Wall Street swooned at the news and by the end of the day stocks had lost 8 percent of their value. The Dow fell 680 points, the third biggest one-day drop in history.
The rest of the country took the news in stride. Who needed these eggheads to formally declare a recession? Was anything ever more obvious?
The economy stopped creating jobs in July 2007 and began shedding them at a fast pace in January — a total of nearly 1.2 million the first 10 months of the year, according to the federal Bureau of Labor Statistics, and perhaps 2 million by the time President Bush leaves office.
For most of the country, it has felt like a recession for longer than that, though not so much in Arkansas until recently. Forever in the economic shade, Arkansas is last to bloom and last to fade.
The egghead economists also warned that the worst lies ahead or, if it gets no worse, we at least will endure a long siege of the current malaise.
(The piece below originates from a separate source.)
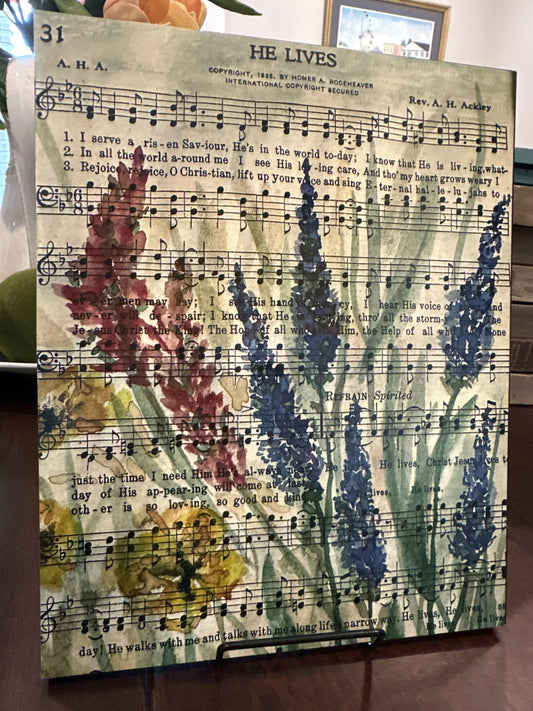 “He Lives” hymn on 8x10 wood panel w/Stand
Why did the bureau wait a year to tell us? These pronouncements always occur well after the fact because they are based on an analysis of aggregate business data over an extended period. Still, a year? Cynics wonder if they waited until after the election so that it would not affect the voting.
It would, of course, have made absolutely no difference. George W. Bush now is the first president since Dwight Eisenhower to have two recessions on his watch (the first March-November 2001), but who cares to count?
It serves as one effective political antidote. Conservative commentators, led by Rush Limbaugh and Fox TV’s Sean Hannity, started calling it “the Obama recession” the day after the election. “The Obama recession is in full swing, ladies and gentlemen,” Limbaugh declared on Nov. 6. Investors everywhere are frightened at the prospect of an Obama presidency, he explained.
There is blame to go around for our desperation, but Sen. Barack Obama bears none of it, yet. Putting the nation, and the world, back on track is a mighty task and he will be judged quickly and maybe unfairly on how well he does it.
The world awaits his wisdom. It is a terrible burden. He asked for it.